Weshalb ich mich stets gewundert habe wenn zur Geburt eines Fohlens oder als
Anpreisung eines solchen der verzückte Ruf "... und es ist so
herrlich langbeinig!" zu vernehmen war. Und man hört es täglich wieder.
Man fragt sich was das soll?
Sollte es nicht eine Erkenntnis des gesunden Menschenverstandes sein, dass
Fohlen dem Gesetz der Natur folgend zwingend langbeinig daherkommen müssen -
einfach deshalb, weil im Mutterleib aufgrund des nur begrenzt zur Verfügung
stehenden Raumes das Gesamtpaket "Fohlen" so effizient wie möglich verpackt sein
muss?
Effizient heißt in diesem Falle:
so viel wie nötig, so wenig wie möglich.
Weshalb der Torso und mit ihm proportional Schulter und Halsung zwar vollständig
ausgeprägt aber eben so gestaucht wie möglich weil "platzsparend" geliefert
werden, während das Skelett es aber hergibt, dass Beine in überproportionaler
Länge recht gut "eingewickelt" im Gesamtpaket enthalten sind. Eine simple
Erkenntnis eigentlich, die erklärt, dass jedes Fohlen von Natur aus mit Beinen
geboren wird, deren Länge in keinem natürlichen Verhältnis zu den späteren
Proportionen des ausgewachsenen Pferdes stehen. Ich habe jedenfalls noch kein
Fohlen gesehen das nicht von Natur aus "langbeinig" geboren wäre.
Ich habe aber schon reichlich Kritiker gehört, die bereits in diesem Stadium
gern einen kurzen Hals bekritteln.
Man staunt.
Halsung und Rücken sind aufgrund der effizienten Verpackungsnotwendigkeit oft
"gestaucht" und stets das erste, das sich im Laufe der Entwicklung streckt -
proportional zur Länge der Beine nämlich.

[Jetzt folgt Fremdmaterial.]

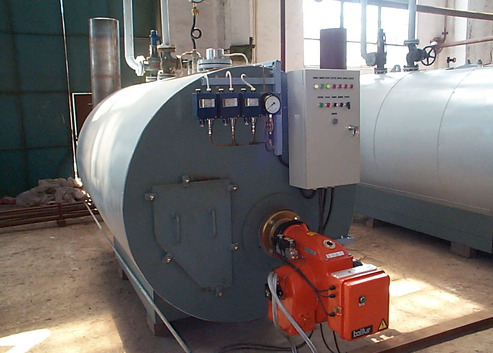 凱能臥式船用鍋爐與青島用戶成功達成合作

Es wäre auch schlimm wenn es anders
wäre...
Langbeinigkeit eines Fohlens ist ein natürliches Selbstverständnis weil es einem
zwingenden Gebot der Natur entspringt - mitnichten ist es aber ein Attribut von
Qualität. Und ganz sicher kann es nicht Zuchtziel eines Sportpferdes sein und
ist es in meinen Anpaarungen auch nie gewesen.
Dennoch bringt die Vielfalt der Natur es mit sich, dass manch ein Pferd später
langbeiniger daherkommt als andere. Sansibar ist ganz sicher so ein Exemplar.
Das ist auch in Ordnung solange es sich im Gesamtpaket um ein harmonisches
Konstrukt handelt das funktionalen Ansprüchen gerecht wird. Doch ist es mir bei
der Anpaarung meiner Stuten nie in den Sinn gekommen bewusst Langbeinigkeit zu
fördern, eben weil das schlicht dem Gebot der Funktionalität widerspricht aus
allen oben nachzulesenden Gründen. Und ganz sicher
war die Höhe des in Frage stehenden Fahrgestells auch bei der Auswahl von Sir
Donnerhall zu keinem Zeitpunkt ein Gedanke, der mich bewogen hat diesen Hengst
zu nutzen. Alle guten Gründe zu dieser Hengstwahl habe ich bereits vor Jahren
hier erläutert, "Langbeinigkeit" findet sich
nicht darunter. Dennoch scheint es eine gelungene Wahl gewesen zu sein.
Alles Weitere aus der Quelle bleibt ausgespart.